Restate the listing below with no word altered.

DATASET CONTENT =
Content starts

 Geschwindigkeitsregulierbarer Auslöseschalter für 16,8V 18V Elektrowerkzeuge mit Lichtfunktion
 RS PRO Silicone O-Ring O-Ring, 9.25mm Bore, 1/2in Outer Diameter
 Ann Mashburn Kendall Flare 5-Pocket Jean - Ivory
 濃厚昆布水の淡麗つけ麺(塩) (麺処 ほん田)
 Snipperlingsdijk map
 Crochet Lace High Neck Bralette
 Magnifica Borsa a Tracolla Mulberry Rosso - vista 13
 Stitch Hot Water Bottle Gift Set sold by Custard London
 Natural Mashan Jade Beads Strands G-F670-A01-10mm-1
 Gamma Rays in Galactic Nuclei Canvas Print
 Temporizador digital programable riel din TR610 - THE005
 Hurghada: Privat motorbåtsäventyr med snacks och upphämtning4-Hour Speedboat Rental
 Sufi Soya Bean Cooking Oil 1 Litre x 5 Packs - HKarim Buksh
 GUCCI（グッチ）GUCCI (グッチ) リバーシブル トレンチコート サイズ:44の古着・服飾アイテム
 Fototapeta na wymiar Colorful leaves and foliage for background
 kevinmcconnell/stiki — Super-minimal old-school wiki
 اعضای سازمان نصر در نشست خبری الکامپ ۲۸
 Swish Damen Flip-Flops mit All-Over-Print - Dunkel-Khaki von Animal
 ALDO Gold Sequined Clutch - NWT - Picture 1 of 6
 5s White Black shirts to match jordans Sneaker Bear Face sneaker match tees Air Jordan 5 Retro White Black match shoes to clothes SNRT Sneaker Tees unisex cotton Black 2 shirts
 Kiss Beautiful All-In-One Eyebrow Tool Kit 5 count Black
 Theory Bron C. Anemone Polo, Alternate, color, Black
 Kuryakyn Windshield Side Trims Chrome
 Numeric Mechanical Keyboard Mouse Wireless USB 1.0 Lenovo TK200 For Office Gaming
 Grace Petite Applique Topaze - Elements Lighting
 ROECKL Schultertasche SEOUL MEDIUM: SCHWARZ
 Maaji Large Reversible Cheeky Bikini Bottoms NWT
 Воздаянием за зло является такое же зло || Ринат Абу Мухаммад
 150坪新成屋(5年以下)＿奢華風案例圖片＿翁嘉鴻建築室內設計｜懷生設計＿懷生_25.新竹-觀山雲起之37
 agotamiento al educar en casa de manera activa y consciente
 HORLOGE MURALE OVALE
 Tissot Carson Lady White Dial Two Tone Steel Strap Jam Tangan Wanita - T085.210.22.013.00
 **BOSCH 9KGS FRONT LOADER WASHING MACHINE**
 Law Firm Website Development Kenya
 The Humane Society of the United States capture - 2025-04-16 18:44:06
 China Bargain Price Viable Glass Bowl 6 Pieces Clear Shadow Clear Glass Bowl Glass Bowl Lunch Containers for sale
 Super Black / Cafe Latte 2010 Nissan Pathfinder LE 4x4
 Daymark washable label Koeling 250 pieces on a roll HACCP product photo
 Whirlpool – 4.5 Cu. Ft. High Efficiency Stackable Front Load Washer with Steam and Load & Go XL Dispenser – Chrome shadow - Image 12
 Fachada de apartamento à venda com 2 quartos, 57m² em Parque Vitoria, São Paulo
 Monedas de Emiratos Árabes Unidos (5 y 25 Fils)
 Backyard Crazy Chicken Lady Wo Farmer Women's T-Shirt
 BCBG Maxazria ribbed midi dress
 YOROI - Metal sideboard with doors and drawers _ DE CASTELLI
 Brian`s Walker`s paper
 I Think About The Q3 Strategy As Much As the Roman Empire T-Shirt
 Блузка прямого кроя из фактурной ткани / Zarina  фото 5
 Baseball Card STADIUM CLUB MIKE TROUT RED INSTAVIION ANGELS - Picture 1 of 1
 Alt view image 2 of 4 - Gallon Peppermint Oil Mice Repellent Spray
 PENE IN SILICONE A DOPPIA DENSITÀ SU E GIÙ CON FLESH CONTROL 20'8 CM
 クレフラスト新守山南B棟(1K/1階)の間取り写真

Content ends

TASK RESPONSE =
 Geschwindigkeitsregulierbarer Auslöseschalter für 16,8V 18V Elektrowerkzeuge mit Lichtfunktion
 RS PRO Silicone O-Ring O-Ring, 9.25mm Bore, 1/2in Outer Diameter
 Ann Mashburn Kendall Flare 5-Pocket Jean - Ivory
 濃厚昆布水の淡麗つけ麺(塩) (麺処 ほん田)
 Snipperlingsdijk map
 Crochet Lace High Neck Bralette
 Magnifica Borsa a Tracolla Mulberry Rosso - vista 13
 Stitch Hot Water Bottle Gift Set sold by Custard London
 Natural Mashan Jade Beads Strands G-F670-A01-10mm-1
 Gamma Rays in Galactic Nuclei Canvas Print
 Temporizador digital programable riel din TR610 - THE005
 Hurghada: Privat motorbåtsäventyr med snacks och upphämtning4-Hour Speedboat Rental
 Sufi Soya Bean Cooking Oil 1 Litre x 5 Packs - HKarim Buksh
 GUCCI（グッチ）GUCCI (グッチ) リバーシブル トレンチコート サイズ:44の古着・服飾アイテム
 Fototapeta na wymiar Colorful leaves and foliage for background
 kevinmcconnell/stiki — Super-minimal old-school wiki
 اعضای سازمان نصر در نشست خبری الکامپ ۲۸
 Swish Damen Flip-Flops mit All-Over-Print - Dunkel-Khaki von Animal
 ALDO Gold Sequined Clutch - NWT - Picture 1 of 6
 5s White Black shirts to match jordans Sneaker Bear Face sneaker match tees Air Jordan 5 Retro White Black match shoes to clothes SNRT Sneaker Tees unisex cotton Black 2 shirts
 Kiss Beautiful All-In-One Eyebrow Tool Kit 5 count Black
 Theory Bron C. Anemone Polo, Alternate, color, Black
 Kuryakyn Windshield Side Trims Chrome
 Numeric Mechanical Keyboard Mouse Wireless USB 1.0 Lenovo TK200 For Office Gaming
 Grace Petite Applique Topaze - Elements Lighting
 ROECKL Schultertasche SEOUL MEDIUM: SCHWARZ
 Maaji Large Reversible Cheeky Bikini Bottoms NWT
 Воздаянием за зло является такое же зло || Ринат Абу Мухаммад
 150坪新成屋(5年以下)＿奢華風案例圖片＿翁嘉鴻建築室內設計｜懷生設計＿懷生_25.新竹-觀山雲起之37
 agotamiento al educar en casa de manera activa y consciente
 HORLOGE MURALE OVALE
 Tissot Carson Lady White Dial Two Tone Steel Strap Jam Tangan Wanita - T085.210.22.013.00
 **BOSCH 9KGS FRONT LOADER WASHING MACHINE**
 Law Firm Website Development Kenya
 The Humane Society of the United States capture - 2025-04-16 18:44:06
 China Bargain Price Viable Glass Bowl 6 Pieces Clear Shadow Clear Glass Bowl Glass Bowl Lunch Containers for sale
 Super Black / Cafe Latte 2010 Nissan Pathfinder LE 4x4
 Daymark washable label Koeling 250 pieces on a roll HACCP product photo
 Whirlpool – 4.5 Cu. Ft. High Efficiency Stackable Front Load Washer with Steam and Load & Go XL Dispenser – Chrome shadow - Image 12
 Fachada de apartamento à venda com 2 quartos, 57m² em Parque Vitoria, São Paulo
 Monedas de Emiratos Árabes Unidos (5 y 25 Fils)
 Backyard Crazy Chicken Lady Wo Farmer Women's T-Shirt
 BCBG Maxazria ribbed midi dress
 YOROI - Metal sideboard with doors and drawers _ DE CASTELLI
 Brian`s Walker`s paper
 I Think About The Q3 Strategy As Much As the Roman Empire T-Shirt
 Блузка прямого кроя из фактурной ткани / Zarina  фото 5
 Baseball Card STADIUM CLUB MIKE TROUT RED INSTAVIION ANGELS - Picture 1 of 1
 Alt view image 2 of 4 - Gallon Peppermint Oil Mice Repellent Spray
 PENE IN SILICONE A DOPPIA DENSITÀ SU E GIÙ CON FLESH CONTROL 20'8 CM
 クレフラスト新守山南B棟(1K/1階)の間取り写真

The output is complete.